Provided by: liburi-fetch-perl_0.15-1_all bug

NAME

       URI::Fetch - Smart URI fetching/caching

SYNOPSIS

           use URI::Fetch;

           ## Simple fetch.
           my $res = URI::Fetch->fetch('http://example.com/atom.xml')
               or die URI::Fetch->errstr;
           do_something($res->content) if $res->is_success;

           ## Fetch using specified ETag and Last-Modified headers.
           $res = URI::Fetch->fetch('http://example.com/atom.xml',
                   ETag => '123-ABC',
                   LastModified => time - 3600,
           )
               or die URI::Fetch->errstr;

           ## Fetch using an on-disk cache that URI::Fetch manages for you.
           my $cache = Cache::File->new( cache_root => '/tmp/cache' );
           $res = URI::Fetch->fetch('http://example.com/atom.xml',
                   Cache => $cache
           )
               or die URI::Fetch->errstr;

DESCRIPTION

       URI::Fetch is a smart client for fetching HTTP pages, notably syndication feeds (RSS,
       Atom, and others), in an intelligent, bandwidth- and time-saving way. That means:

       •   GZIP support

           If you have Compress::Zlib installed, URI::Fetch will automatically try to download a
           compressed version of the content, saving bandwidth (and time).

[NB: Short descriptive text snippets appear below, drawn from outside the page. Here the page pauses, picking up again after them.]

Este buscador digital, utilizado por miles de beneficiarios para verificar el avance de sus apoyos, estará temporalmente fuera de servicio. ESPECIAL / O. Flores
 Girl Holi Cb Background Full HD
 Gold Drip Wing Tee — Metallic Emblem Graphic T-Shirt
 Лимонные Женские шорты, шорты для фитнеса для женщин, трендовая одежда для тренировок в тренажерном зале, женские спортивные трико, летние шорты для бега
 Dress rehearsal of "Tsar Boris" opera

       •   Last-Modified and ETag support

           If you use a local cache (see the Cache parameter to fetch), URI::Fetch will keep
           track of the Last-Modified and ETag headers from the server, allowing you to only
           download pages that have been modified since the last time you checked.

       •   Proper understanding of HTTP error codes

           Certain HTTP error codes are special, particularly when fetching syndication feeds,
           and well-written clients should pay special attention to them.  URI::Fetch can only do
           so much for you in this regard, but it gives you the tools to be a well-written
           client.

           The response from fetch gives you the raw HTTP response code, along with special
           handling of 4 codes:

           •   200 (OK)

               Signals that the content of a page/feed was retrieved successfully.

           •   301 (Moved Permanently)

               Signals that a page/feed has moved permanently, and that your database of feeds
               should be updated to reflect the new URI.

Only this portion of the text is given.